Page 16 - Mes années soixante PDF
P. 16
Enfin, j'ouvre mon album photos privé pour
évoquer notament mes parents disparus il y a déjà si
longtemps. Mon père nous a quittés en juillet 1970.
Nous étions tous les quatre à nous émouvoir devant
un film, «Tu seras un homme, mon fils», dans lequel,
le père, mourant, prépare son fils à vivre seul,
pendant que notre propre père, à côté, dans la
chambre, rendait son dernier souffle sans que nous ne
nous en doutions une seconde. A 10 ans, je n’avais
pas assez connu mon père pour éprouver du chagrin
ou un manque. C’est beaucoup plus tard, adulte,
qu’on a besoin d’un échange avec son paternel et que
l’absence se fait sentir. J’aurais beaucoup aimé être
dans la confidence avec lui, l’inviter au resto pour
discuter entre hommes,
évoquer ensemble nos
bonheurs et nos épreuves,
l’écouter raconter sa vie.
Lorsque ma mère tombe malade en 1997, elle rouvre
sa terrible blessure, celle de la disparition tragique de
mon frère ainé, 7 ans, en 1958, dans un accident de la
route stupide.

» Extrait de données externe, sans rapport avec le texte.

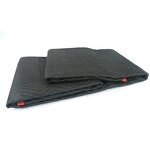 Moving Blanket Manufacturer - Nonwoven 72*80 Inches Good Quality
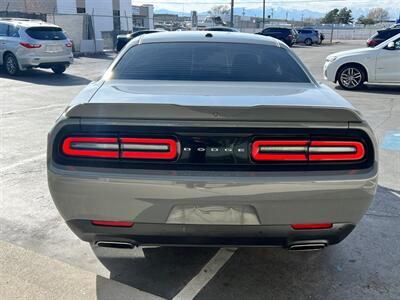 2017 Dodge Challenger SXT   - Photo 6 - Salt Lake City, UT 84115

Un coup de klaxon, mon frère, parti à
vélo chercher du pain au bourg, tourne la tête et
malheureusement en même temps son guidon pour
percuter la voiture qui le doublait. Et ironie du sort,
l’automobiliste sortait de la cave de mon père. Les
larmes que j’ai vues couler, pour la première fois, sur
ses joues lorsqu’elle a évoqué le drame, prouvaient
bien que le temps n’effaçait rien et que l’approche de
sa propre fin faisait tout remonter à la surface. J’en
ai été à la fois surpris et profondément bouleversé.